Preserving Besov (fractional Sobolev) energies under sphericalization and flattening
Anders Björn, Jana Björn, Riikka Korte, Sari Rogovin, Timo Takala
TL;DR
This work develops a general, measure-theoretic framework for converting unbounded metric spaces into bounded ones (and vice versa) via sphericalization and flattening, while preserving key analytic structure. By introducing a metric deformation with a density function $\rho$ and a weighted measure $\hat{\nu}$, the authors prove that the transformed spaces remain doubling and that Besov energies are comparable when $\sigma = p\theta$, enabling nonlocal energy analysis on fractal-like sets to be transferred between bounded and unbounded settings. A central achievement is establishing the duality between sphericalization and flattening: each operation is invertible up to biLipschitz equivalence of the metrics and the measures, and inversions are included in the framework. The results provide a robust toolset for studying Besov-type energies and nonlocal PDEs on general metric measure spaces, including totally disconnected fractals, by transporting problems to more tractable bounded domains without loss of essential structure.
Abstract
We introduce a new sphericalization mapping for metric spaces that is applicable in very general situations, including totally disconnected fractal type sets.

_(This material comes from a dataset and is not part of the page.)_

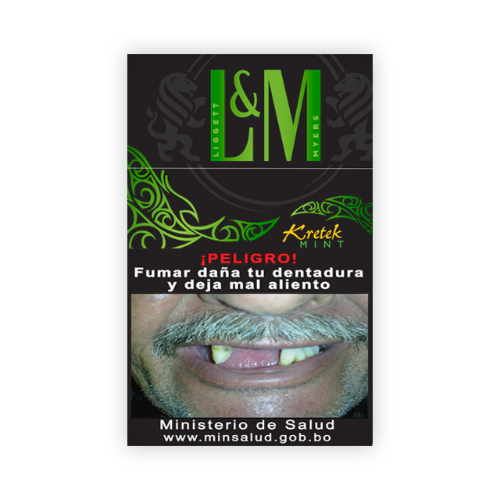 LyM Menta 20 Unid.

For an unbounded complete metric space which is uniformly perfect at a base point for large radii and equipped with a doubling measure, we make a more specific construction based on the measure and equip it with a weighted measure. This mapping is then shown to preserve the doubling property of the measure and the Besov (fractional Sobolev) energy. The corresponding results for flattening of bounded complete metric spaces are also obtained. Finally, it is shown that for the composition of a sphericalization with a flattening, or vice versa, the obtained space is biLipschitz equivalent with the original space and the resulting measure is comparable to the original measure.